Try it: Go through the entries and transcribe each one exactly, dropping the pictures.

Exercise data:
------------------------------------------------------------------------
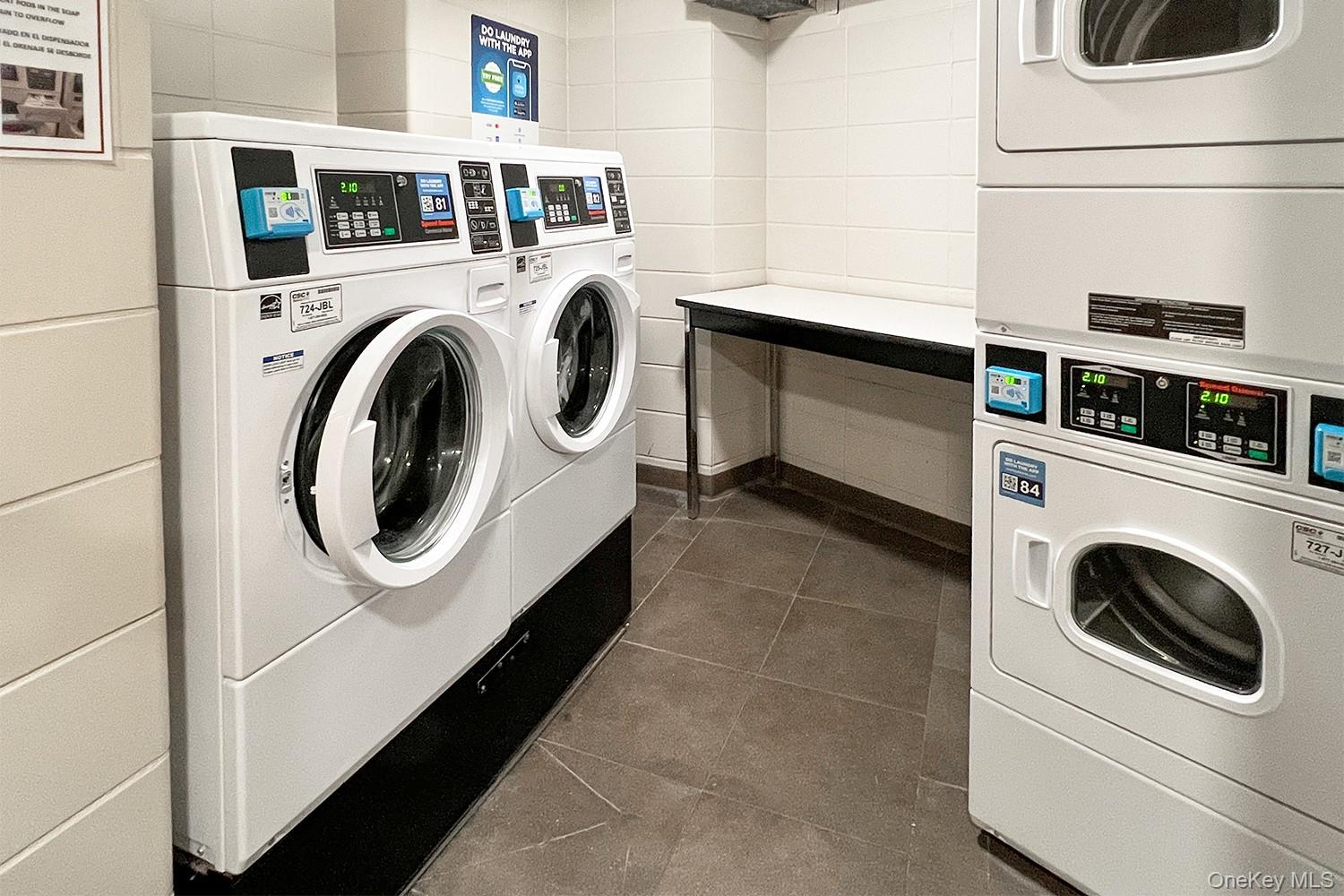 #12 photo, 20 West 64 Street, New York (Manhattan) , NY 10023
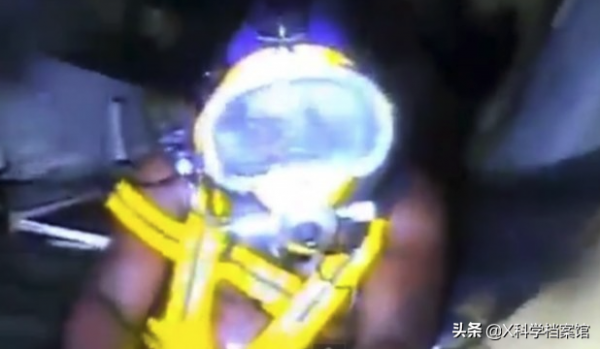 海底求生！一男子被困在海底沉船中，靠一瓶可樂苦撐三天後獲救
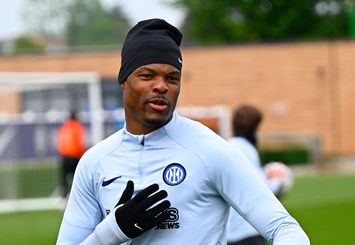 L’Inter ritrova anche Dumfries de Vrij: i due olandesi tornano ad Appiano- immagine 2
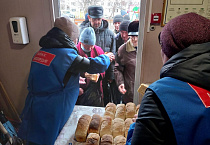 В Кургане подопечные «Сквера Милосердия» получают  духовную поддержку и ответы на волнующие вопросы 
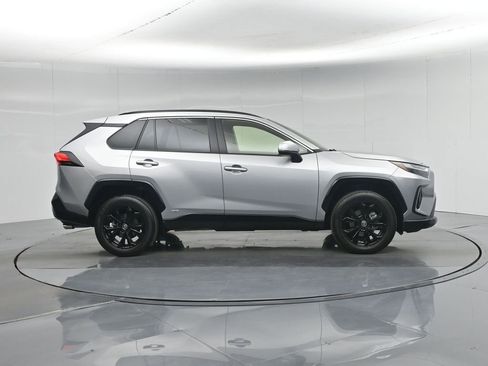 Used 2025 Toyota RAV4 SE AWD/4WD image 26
------------------------------------------------------------------------
Written solution:
 #12 photo, 20 West 64 Street, New York (Manhattan) , NY 10023
 海底求生！一男子被困在海底沉船中，靠一瓶可樂苦撐三天後獲救
 L’Inter ritrova anche Dumfries de Vrij: i due olandesi tornano ad Appiano- immagine 2
 В Кургане подопечные «Сквера Милосердия» получают  духовную поддержку и ответы на волнующие вопросы 
 Used 2025 Toyota RAV4 SE AWD/4WD image 26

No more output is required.